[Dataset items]
# # # # #

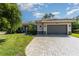 Single-story home with a tile roof, paver driveway, and landscaped lawn at 5868 Meriwether Pl, Sarasota, FL 34232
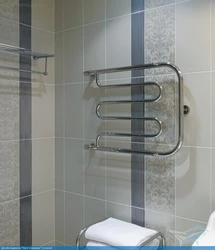 Electric Heated Towel Rail In The Bathroom Photo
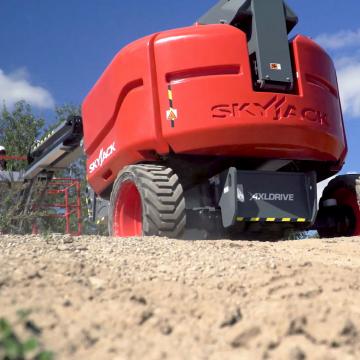 SJ60 AJ+ machine rolling over a sandy hill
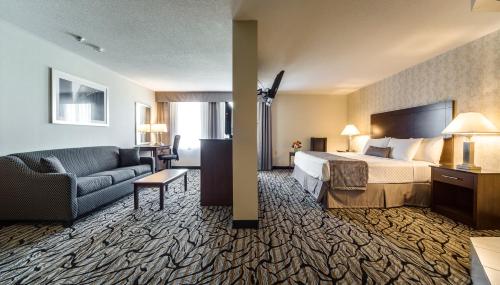 a hotel room with a bed and a couch at Monte Carlo Inn Oakville Suites in Oakville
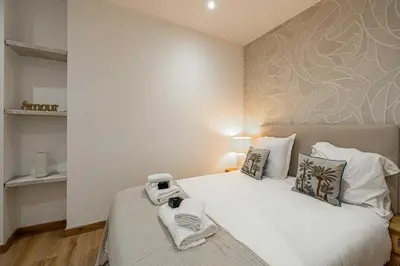 a bedroom with a bed with a camera on it at Magnificent apartment - AC- 2BR- 4P - Cannes in Cannes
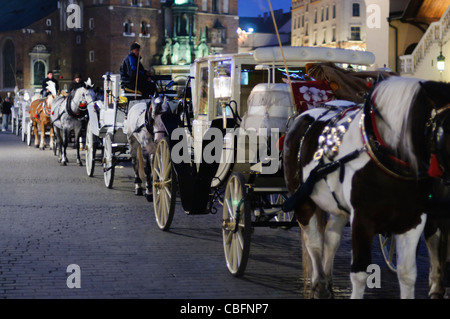 Cavallo e tour turistici linea di carrelli fino a notte in Rynek Glowny, Cracovia Foto Stock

# # # # #

TO DO - Please output the data above exactly as given, omitting every picture.

TASK OUTPUT -
 Single-story home with a tile roof, paver driveway, and landscaped lawn at 5868 Meriwether Pl, Sarasota, FL 34232
 Electric Heated Towel Rail In The Bathroom Photo
 SJ60 AJ+ machine rolling over a sandy hill
 a hotel room with a bed and a couch at Monte Carlo Inn Oakville Suites in Oakville
 a bedroom with a bed with a camera on it at Magnificent apartment - AC- 2BR- 4P - Cannes in Cannes
 Cavallo e tour turistici linea di carrelli fino a notte in Rynek Glowny, Cracovia Foto Stock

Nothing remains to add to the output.